Test Coverage (as of current session):

  • plotly_reference.clj: 67 tests (36 original + 31 new spec-level tests)
  • plotly_walkthrough.clj: 24 tests covering key examples and patterns
  • hanami_walkthrough.clj: 19 tests covering Hanami/Vega-Lite API
  • Total: 110 comprehensive API tests

Common Test Patterns:

Template-level tests (check configuration before realization):

;; Template has correct dataset
(kind/test-last [#(contains? (:aerial.hanami.templates/defaults %) :=dataset)])

;; Layer has correct mappings
(kind/test-last [#(let [layer-defaults (-> % :aerial.hanami.templates/defaults :=layers first :aerial.hanami.templates/defaults)]
                    (and (= (:=x layer-defaults) :sepal-width)
                         (= (:=y layer-defaults) :sepal-length)))])

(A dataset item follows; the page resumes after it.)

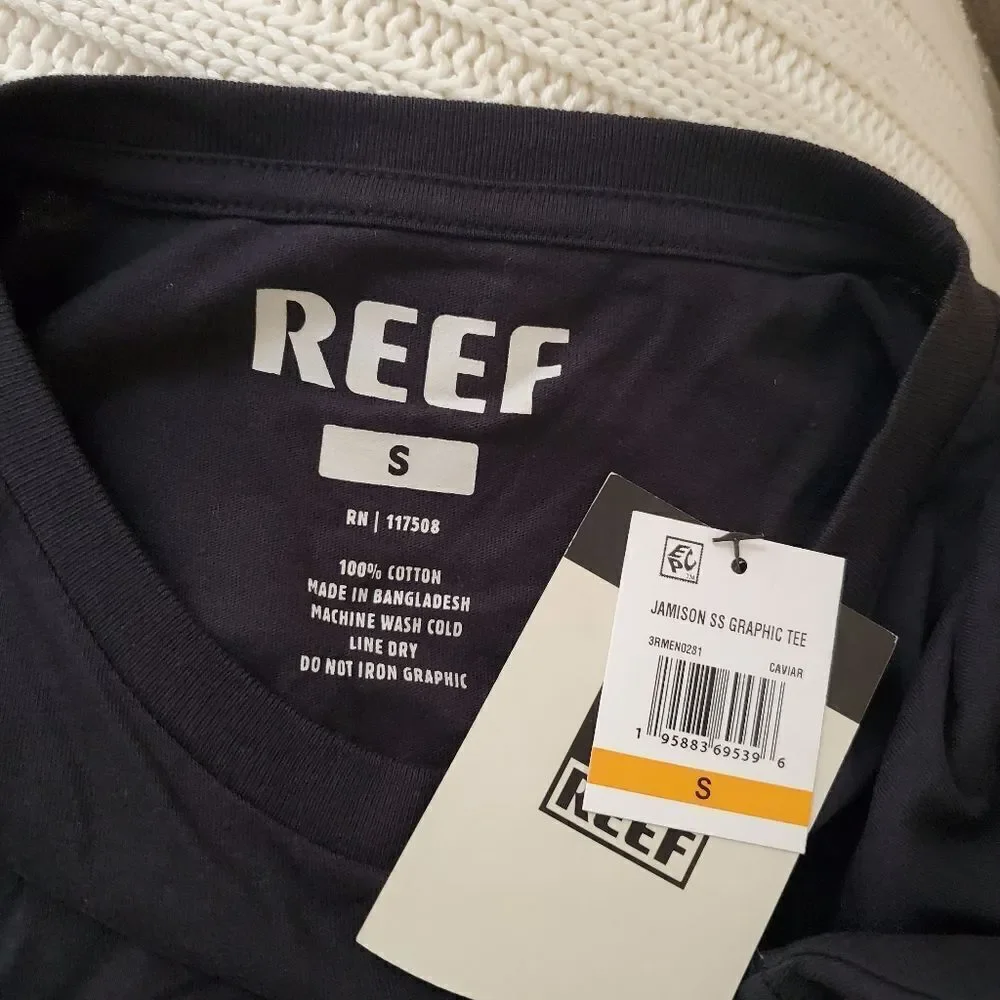 Reef Jamison Graphic T-shirt Sz Small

Spec-level tests (check realized Plotly.js/Vega-Lite output):

;; Plotly: Check trace type in realized spec
(kind/test-last [#(= (-> % plotly/plot :data first :type) "scatter")])

;; Plotly: Check marker properties appear in spec
(kind/test-last [#(= (-> % plotly/plot :data first :marker :size) 20)])

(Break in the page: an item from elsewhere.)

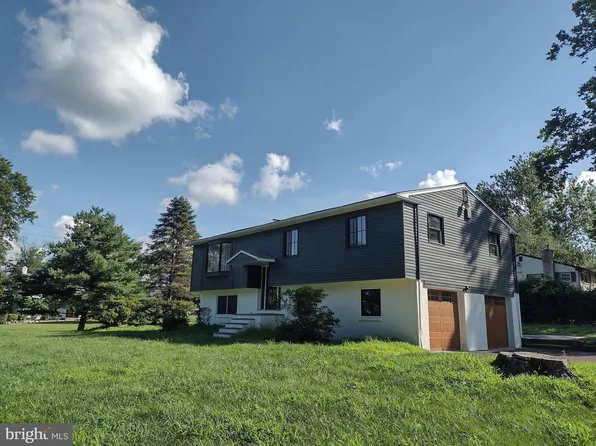 64 Bogle Dr, New Hope, PA 18938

;; Plotly: Check aesthetic mappings create expected structures
(kind/test-last [#(vector? (-> % plotly/plot :data first :marker :color))])

;; Vega-Lite: Check encoding types
(kind/test-last [#(= (-> % hanami/plot :encoding :x :type) :quantitative)])

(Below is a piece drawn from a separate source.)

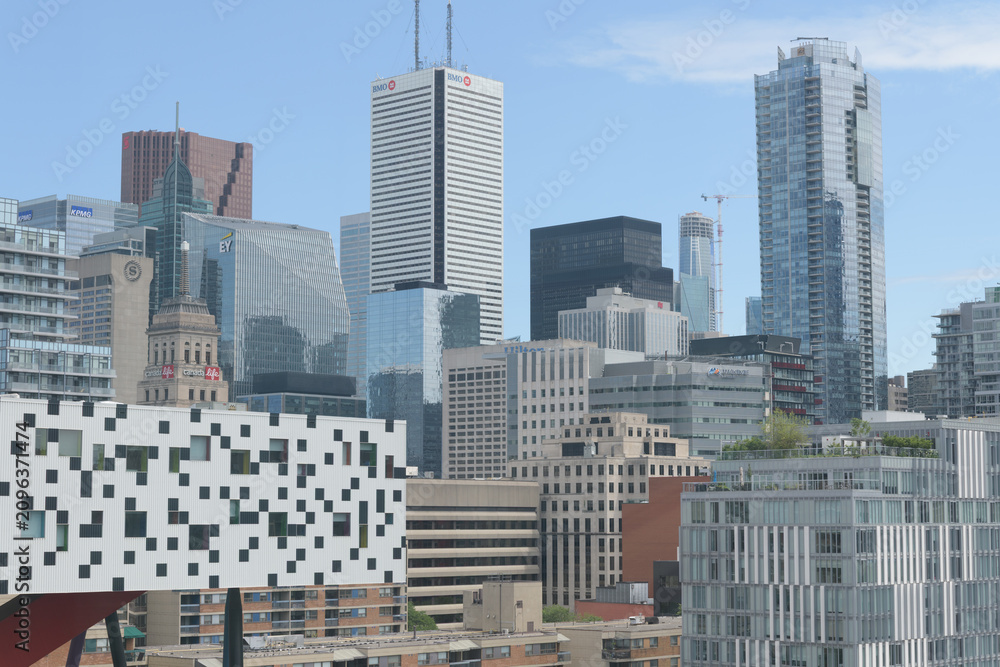 Obraz premium looking southeast from the Allan Slaight and Emmanuelle Gattuso Spiral Staircase at the Art Gallery of Ontario to the city, Toronto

;; Check multiple traces from grouping
(kind/test-last [#(= (-> % plotly/plot :data count) 3)])

Important Testing Notes:

  • Use :aerial.hanami.templates/defaults not ::ht/defaults (namespace-qualified keywords don't work in test generation context)
  • Prefer spec-level tests over template-level tests - they verify actual output
  • For Plotly: opacity is at trace level (:opacity), not marker level
  • For Plotly: z-data in heatmaps/surfaces can be lazy seqs, use seq? not vector?
  • For Plotly: SPLOM dimensions are seqs, not vectors
  • For Vega-Lite: encoding types are keywords (:quantitative), not strings

Running Tests:

# Run all tests
clj -T:build test

# Run specific test namespaces
clj -M:test -n test.namespace

# Generate tests from notebooks using Clay
# (Tests are auto-generated when rendering notebooks with Clay)

Building and Deployment

# CI pipeline (test + build JAR)
clj -T:build ci

# Deploy to Clojars
clj -T:build deploy

Documentation Generation

  • Documentation built with Quarto from .qmd files
  • Notebooks in notebooks/tableplot_book/ provide examples
  • Generated docs deployed to GitHub Pages

Extension Points

Adding New Plot Types

  1. Define layer function in appropriate backend namespace
  2. Implement aesthetic mapping logic
  3. Add statistical transformation if needed
  4. Update documentation and examples

Custom Statistical Transformations

  1. Implement stat function with defn-with-deps
  2. Define data dependencies and caching strategy
  3. Integrate with existing layer functions

New Backend Support

  1. Create new namespace following plotly.clj pattern
  2. Implement core functions: base, plot, layer functions
  3. Add transpilation support in transpile.clj
  4. Update cross-backend tests

Integration Points

  • Kindly: Add new visualization kinds
  • Tablecloth: Extend dataset processing pipeline
  • Hanami: Create new template types
  • Clay/Clojupyter: Enhance notebook integration

Common Development Tasks

Adding a New Layer Type

(defn layer-new-type [& {:as options}]
  (plotly/layer {:=mark :new-type} options))

Creating Custom Statistical Functions

(defn-with-deps custom-stat [dataset x-col y-col]
  [dataset :=x :=y]  ; dependencies
  ;; transformation logic
  (tc/add-column dataset :computed-col computed-values))

Cross-Backend Testing

;; Test same visualization across backends
(def viz-spec {:=x :col1 :=y :col2})
(plotly/layer-point viz-spec)
(hanami/layer-point viz-spec)

This summary provides the essential information needed for an LLM to understand and work effectively with the Tableplot codebase, including its architecture, APIs, patterns, and extension points.